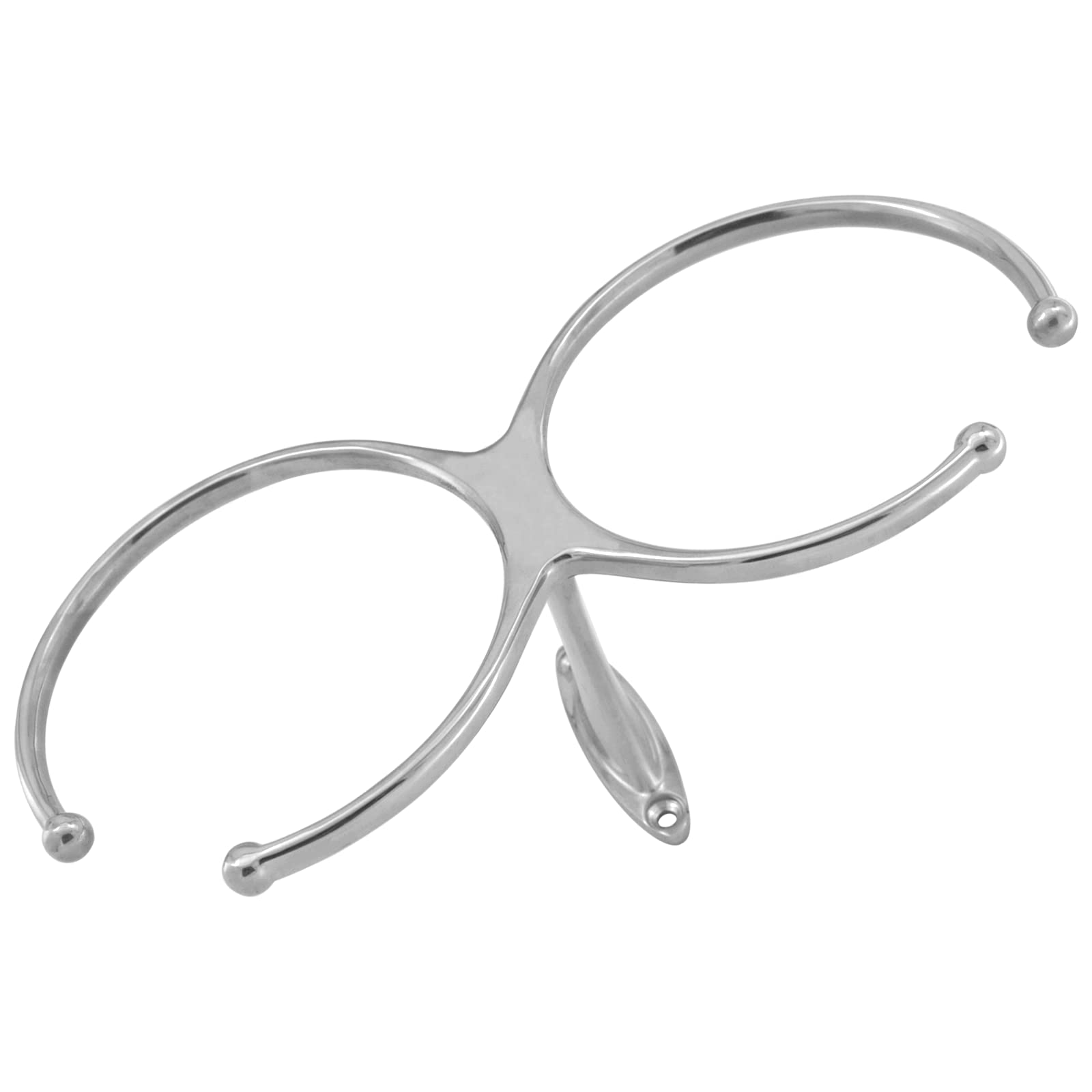Akoleyer Marine Grade Stainless Steel Cup Holder (316 Steel, Double Ring)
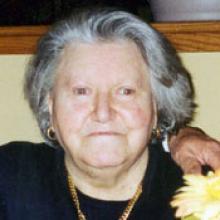 ANNA NADINA GINA DI CURZIO (D'IGNAZIO)  Obituary pic
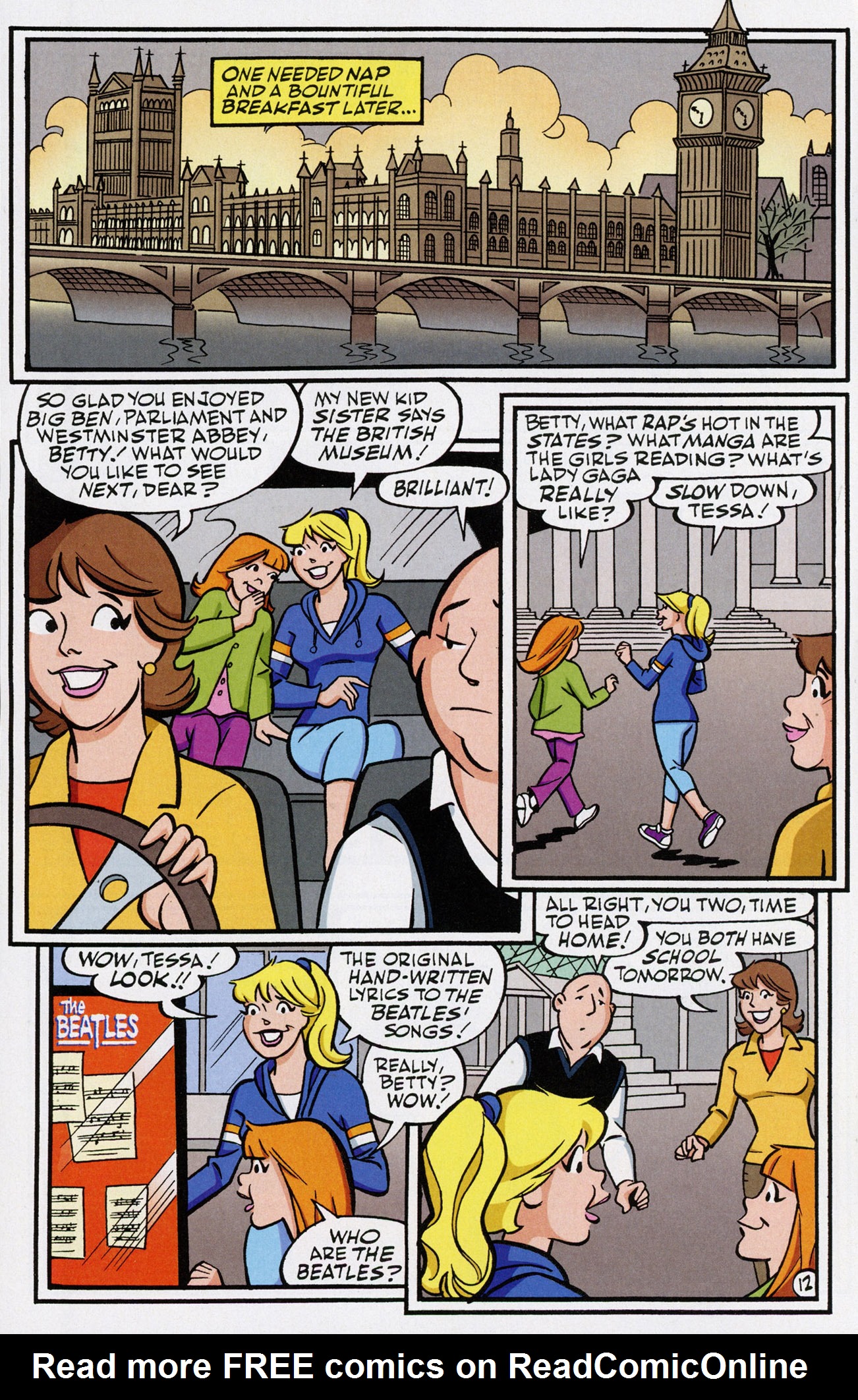 Read online Betty and Veronica (1987) comic -  Issue #274 - 19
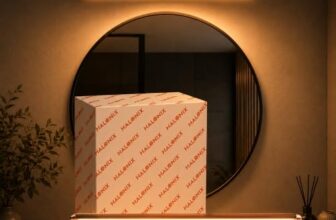 Halonix Signia 6W 3-In-1 Color Changing Mirror Light/Picture Light | Adjustable Color (Warm White, Natural White & Cool White) | Vanity Light | Decorative Mirror Light For Bathroom, Dressing Area |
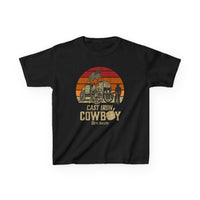 Cast Iron Cowboy Kids Heavy Cotton Tee
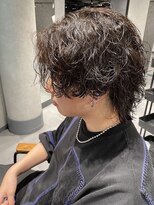 ネクストネオ 静岡(NEXT NEO)&nbsp;NEXTNEO【櫻田】センターパートウルフ　波巻きスパイラルパーマ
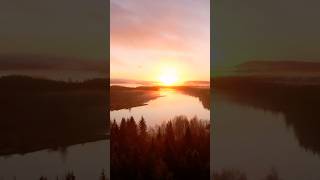 La Laponie Vue Den Haut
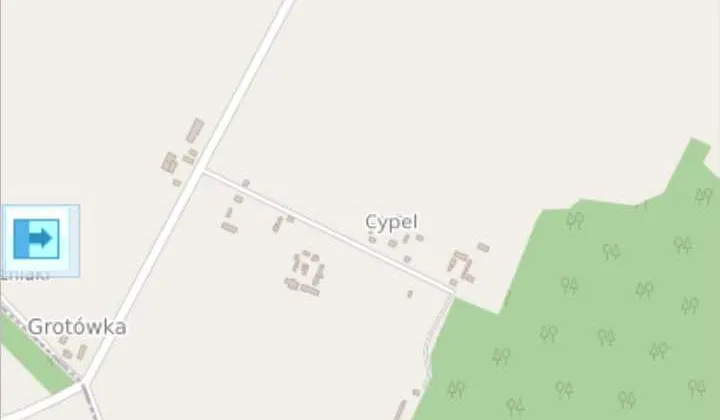 Działka rolna Kopytnik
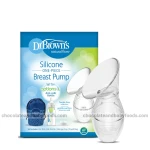 Dr Brown's Natural Flow Silicone One-Piece Breast Pump with Options+ Anti-Colic Bottle 150ml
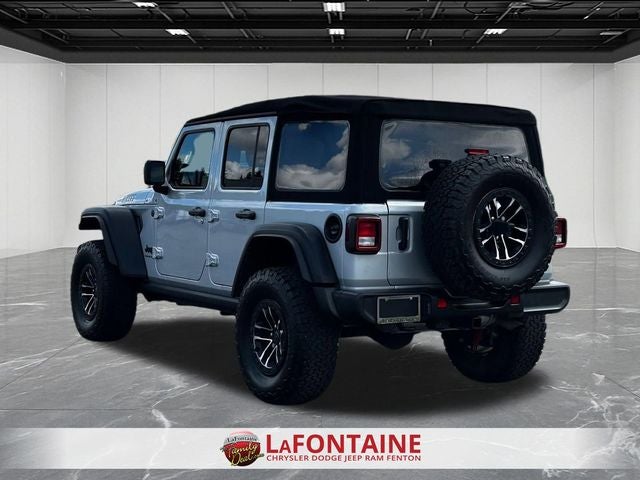 2024 Jeep Wrangler 4-Door Willys 4x4
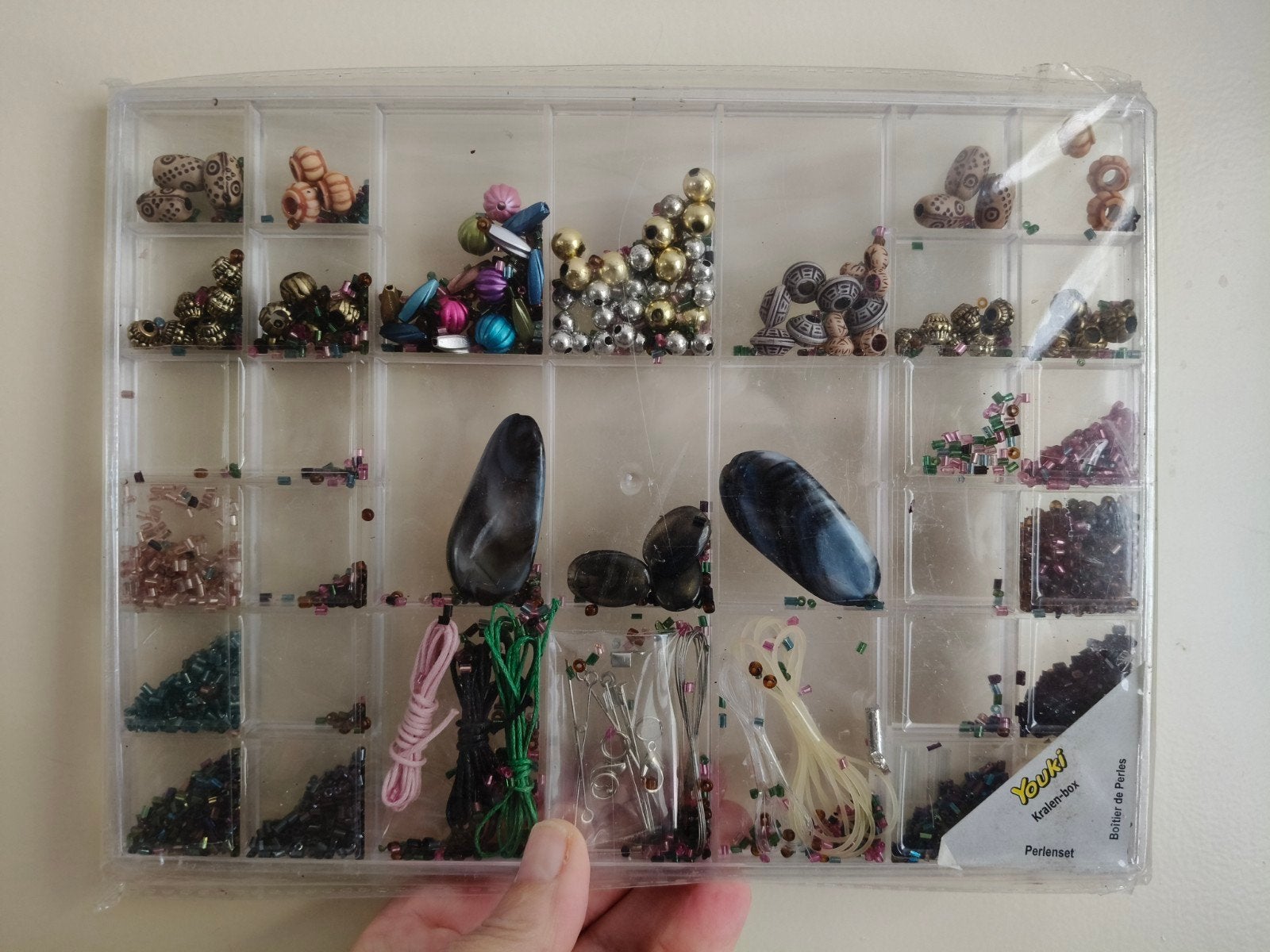 Nieuw! Kralen-box Perlenses - Diverse Kralen, Ophalen, Nieuw, Kraal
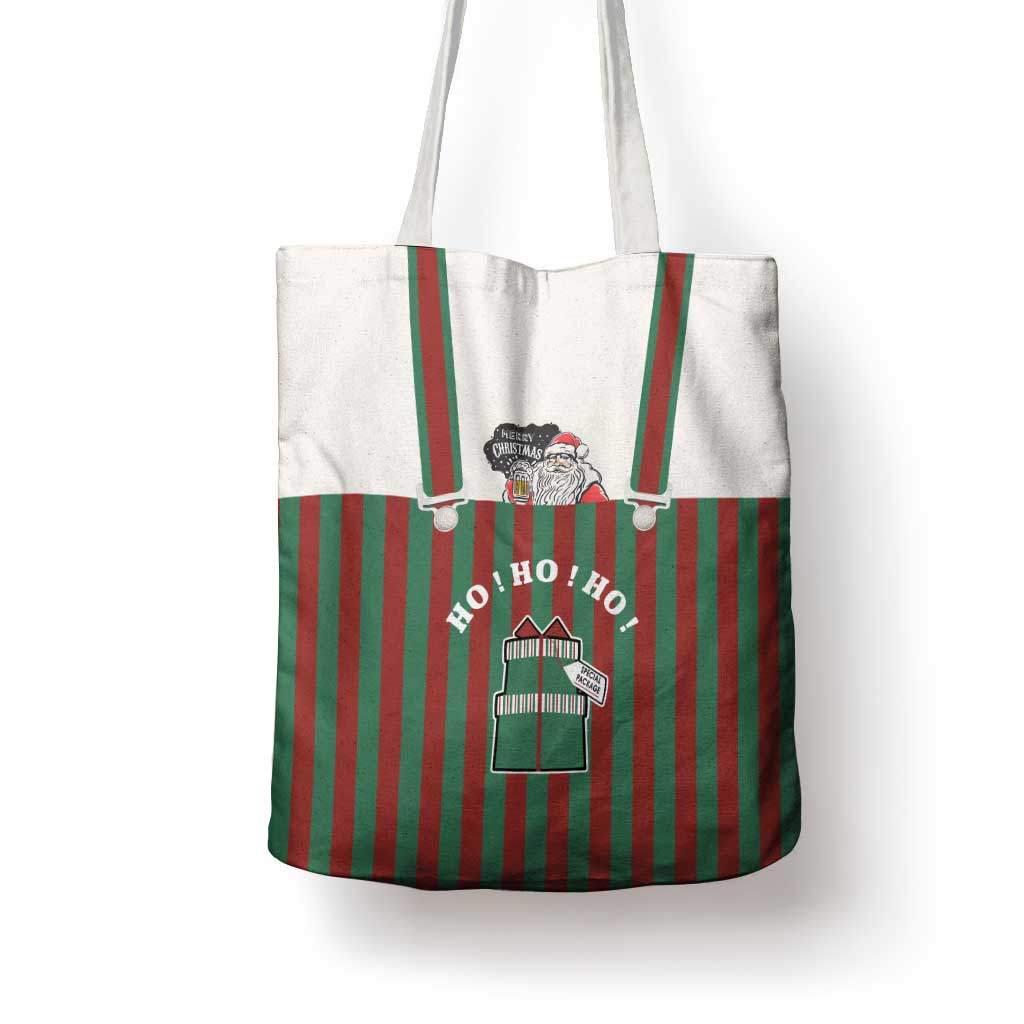 Stay With My Pig Christmas Christmas Tote Bag Xmas Holiday Patterns - Wonder Print Shop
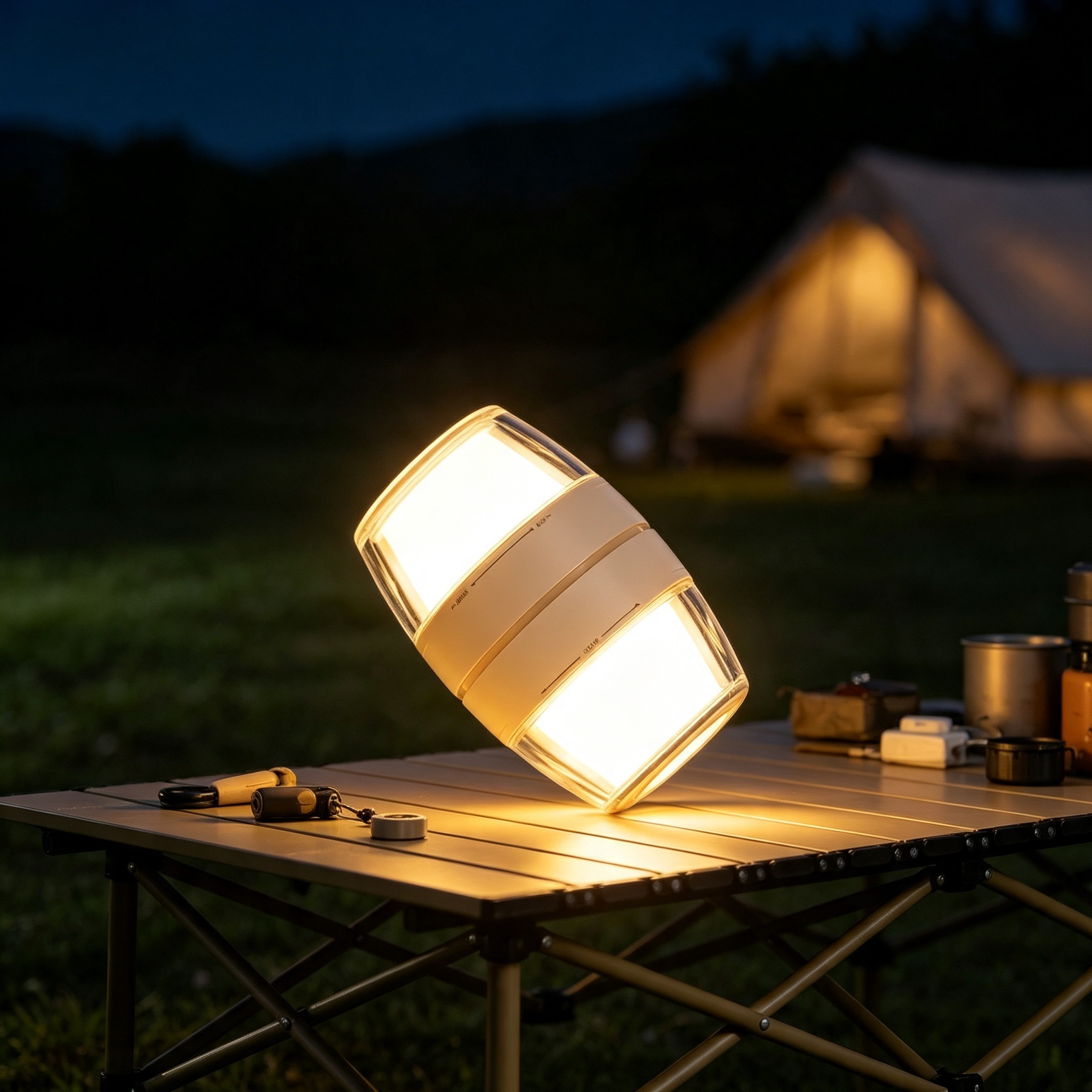 Twist Light – Portable Camping Lantern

━━━━━━━━━━

*What you should do:*
The expected output is the whole listing, word for word, minus its pictures.

*Result for this task:*
Akoleyer Marine Grade Stainless Steel Cup Holder (316 Steel, Double Ring)
 ANNA NADINA GINA DI CURZIO (D'IGNAZIO)  Obituary pic
 Read online Betty and Veronica (1987) comic -  Issue #274 - 19
 Halonix Signia 6W 3-In-1 Color Changing Mirror Light/Picture Light | Adjustable Color (Warm White, Natural White & Cool White) | Vanity Light | Decorative Mirror Light For Bathroom, Dressing Area |
 Cast Iron Cowboy Kids Heavy Cotton Tee
 ネクストネオ 静岡(NEXT NEO)&nbsp;NEXTNEO【櫻田】センターパートウルフ　波巻きスパイラルパーマ
 La Laponie Vue Den Haut
 Działka rolna Kopytnik
 Dr Brown's Natural Flow Silicone One-Piece Breast Pump with Options+ Anti-Colic Bottle 150ml
 2024 Jeep Wrangler 4-Door Willys 4x4
 Nieuw! Kralen-box Perlenses - Diverse Kralen, Ophalen, Nieuw, Kraal
 Stay With My Pig Christmas Christmas Tote Bag Xmas Holiday Patterns - Wonder Print Shop
 Twist Light – Portable Camping Lantern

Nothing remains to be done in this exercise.